[RECORDS TO USE]
-- Opening Marker --

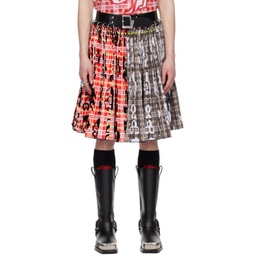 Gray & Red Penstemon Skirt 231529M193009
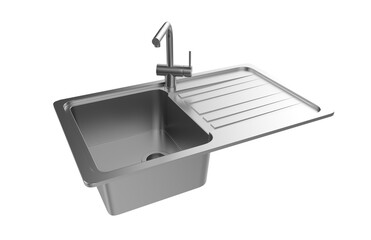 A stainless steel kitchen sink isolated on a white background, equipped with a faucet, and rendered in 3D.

-- Closing Marker --
-- Opening Marker --

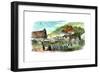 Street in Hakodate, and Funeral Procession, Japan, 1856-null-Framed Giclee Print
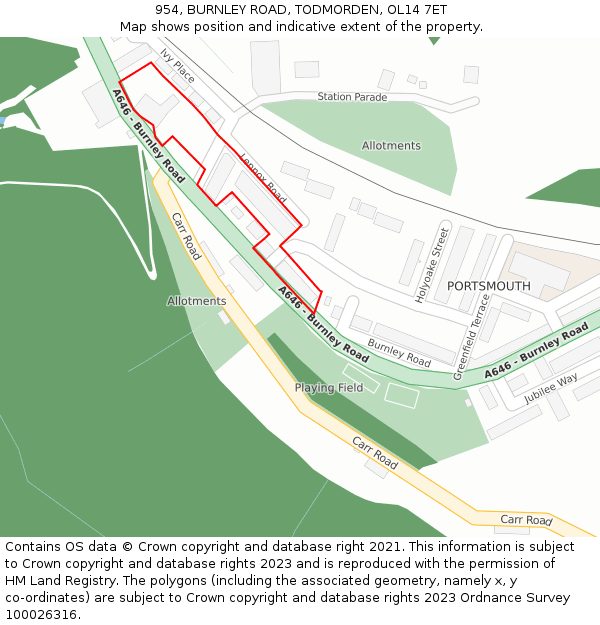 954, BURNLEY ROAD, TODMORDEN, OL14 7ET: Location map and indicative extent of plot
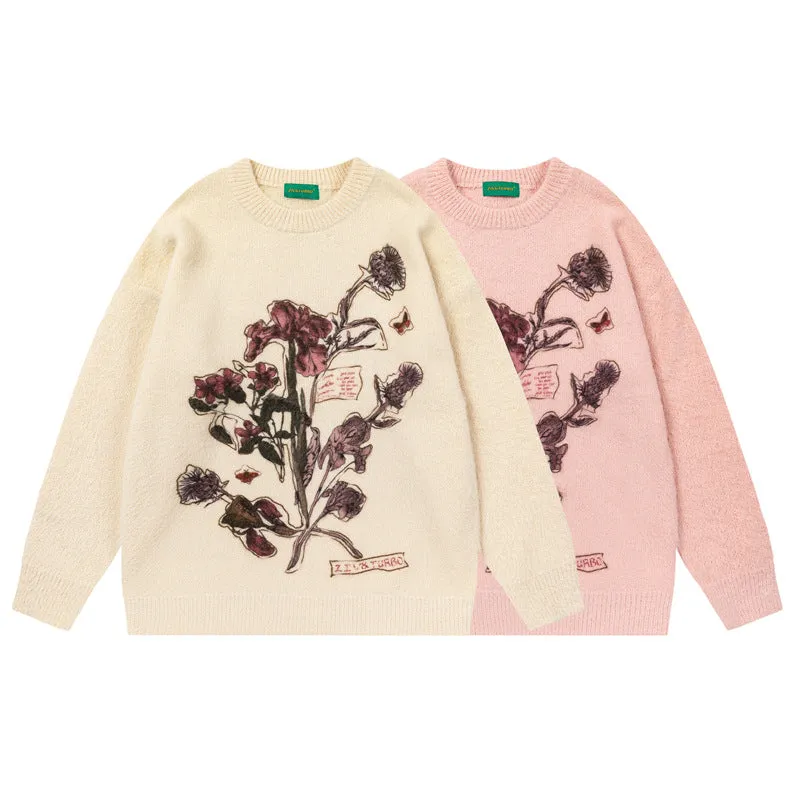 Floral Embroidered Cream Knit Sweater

-- Closing Marker --

[ABOUT THIS EXERCISE] Because only one stretch of the records is wanted, please output the lines from the one holding "Gray & Red Penstemon Skirt 231529M193009" through the one holding "A stainless steel" exactly, both included, and leave every picture out.

[RESPONSE TO THE TASK]
 Gray & Red Penstemon Skirt 231529M193009
 A stainless steel kitchen sink isolated on a white background, equipped with a faucet, and rendered in 3D.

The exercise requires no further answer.